I think it assumes that it's a complex problem and to untangle the mess will require that this is done persistently over a longer stretch of time. we didn't get into this over a couple of weeks. If this was unfolding since years if not decades then what we have now is the end stages of boiling frogs (we're just waking up to the water being unbearable having been oblivious for so long). I'm personally convinced that facing the problems can only be done by following these steps (even if it's painful and we'd rather have a quick fix to all this). It will take a long time to recover from this I think (having enough patience to hear an opposing view without judgement isn't easy).


All of this sounds good and, frankly, I don't have a simple alternative. To add, I think it's necessary to strive for good faith as a baseline.

So, I am not disputing the principle that good faith is required; on the contrary, I am lamenting its demise and the weaponization of good faith against its practitioners.

So, the issue is that while hoping it is sufficient to act in good faith, others are able to profit wildly from their own bad faith. In effect, your good faith empowers them. And, while the current situation unfolded over years, we cannot ignore the recent rapid acceleration and its meaning.

We have come to a place where bad faith is normalized and even celebrated. Not sure what the way back is.


It’s only painful in a stable, peaceful society with a strong rule of law. In any other context it’s downright lethal. Take the extreme of Dark Forest theory; you can try to explain your position and values all you like, and while you do it just serves to broadcast your location to someone who already decided to kill you. That’s extreme of course, an hopefully fictional, but in the intellectual and social spectrum it takes two to tango. If I’m just trying to waste your time and energy, and you’re insisting on addressing every point of my Gish Gallop... I win.

Suspending judgement is an interesting and valuable intellectual exercise, and trying to see other perspectives makes us better people. We have to accept however, that a time comes when just like any other approach, such measures not only fail, but full catastrophically. Just like an ardent pacifist, or an equally ardent militant, lack of adaptability is doom. Sometimes you have to sit down and talk, and sometimes you have to fight to the death.

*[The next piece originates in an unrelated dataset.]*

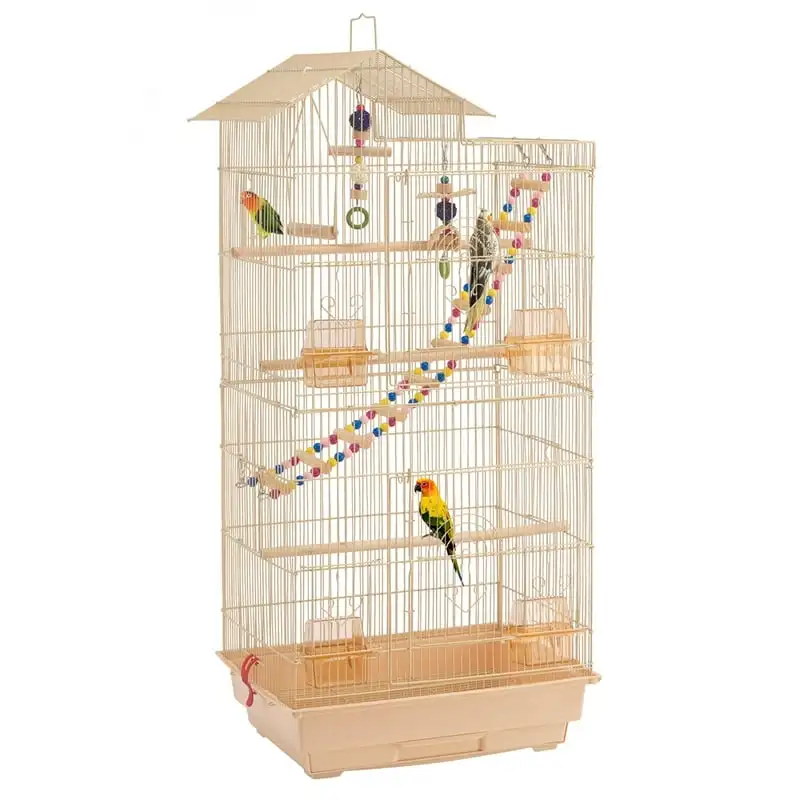 

39" Metal Parrot Cage Bird Cage for Small Birds, Almond Easy cleaning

The trick, and no one has yet figured out a formula for this, is to know when to adapt and how much. Anyone who tries to tell you that the only way to deal with a Nazi is a bullet, or conversely, love, is wrong. It’s advice that sounds good, but it’s totally useless. When to to talk, when to listen, and when to reach for a sidearm is the real question and more often than not people don’t even acknowledge that; it’s too nuanced, too open to interpretation, and too messy.

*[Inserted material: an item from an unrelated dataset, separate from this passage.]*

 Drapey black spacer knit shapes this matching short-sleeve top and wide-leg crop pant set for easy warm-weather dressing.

The thing is, it’s messy regardless of whether or not we choose to approach conflict (intellectual or otherwise) programmatically rather than dynamically.


That's kind of the point. Assuming good faith is akin to not ascribing to malice that which can adequately be explained by incompetence (or ignorance). Note that the incompetence or ignorance is not assigned so it may be either or both sides, which places a certain burden on you to try to evaluate and correct at least your part of that failure.


To be honest, I've yet to meet people in real life who mean bad faith. May be online or on talk shows it's different.

The difference is people in real life are not the ones who make the decisions.


Good faith breeds good faith, and bad faith breeds bad faith.


Would that that were always true.

The world would be a far simpler and better place.


I didn't say it always works. But if a person has any good faith inside, showing them good faith is the singular way of bringing it out.


Pablum.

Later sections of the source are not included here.